__YOUR OBJECTIVE__
Return, word for word, only the lines of the data below that lie between the line with "Casa per le" and the line with "King Louie Jumpsuits|Lot", those two lines included.

__DATA FOR ANALYSIS__
————

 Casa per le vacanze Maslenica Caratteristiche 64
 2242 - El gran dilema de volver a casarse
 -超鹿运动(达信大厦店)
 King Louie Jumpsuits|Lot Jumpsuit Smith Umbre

————

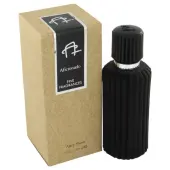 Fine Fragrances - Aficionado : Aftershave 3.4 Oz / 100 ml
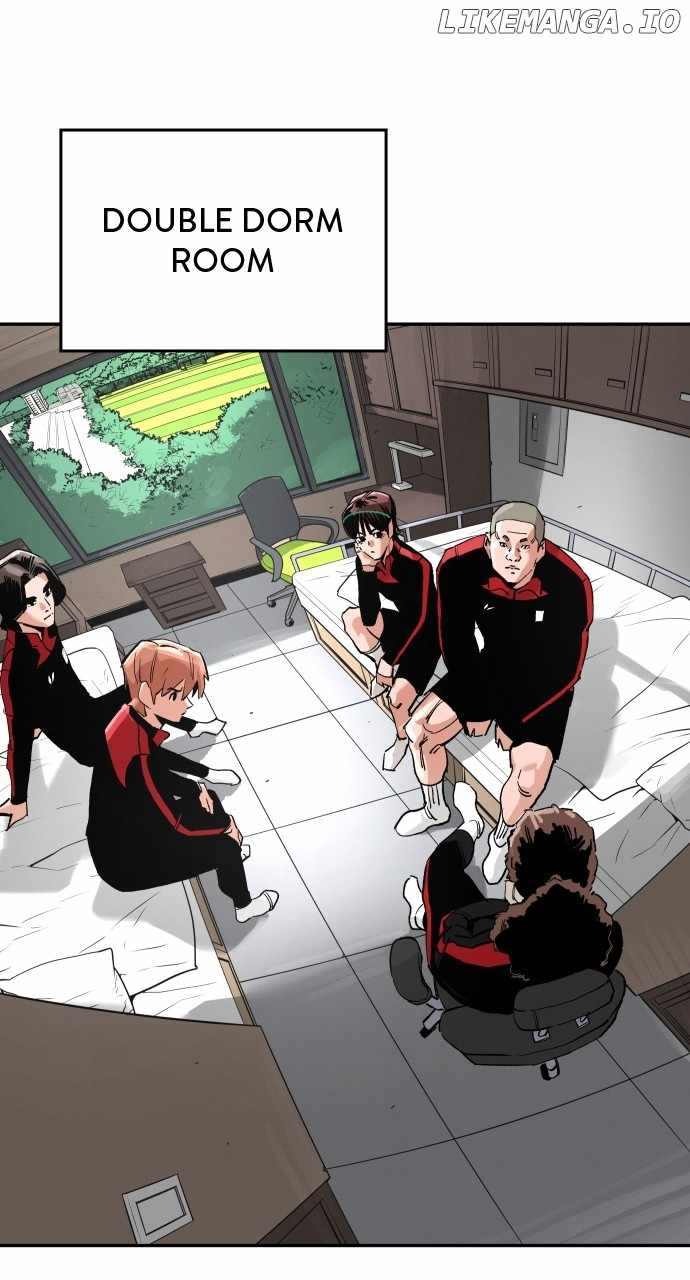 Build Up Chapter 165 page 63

————

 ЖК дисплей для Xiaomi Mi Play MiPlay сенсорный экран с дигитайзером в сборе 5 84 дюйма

————

__TASK OUTPUT__
 Casa per le vacanze Maslenica Caratteristiche 64
 2242 - El gran dilema de volver a casarse
 -超鹿运动(达信大厦店)
 King Louie Jumpsuits|Lot Jumpsuit Smith Umbre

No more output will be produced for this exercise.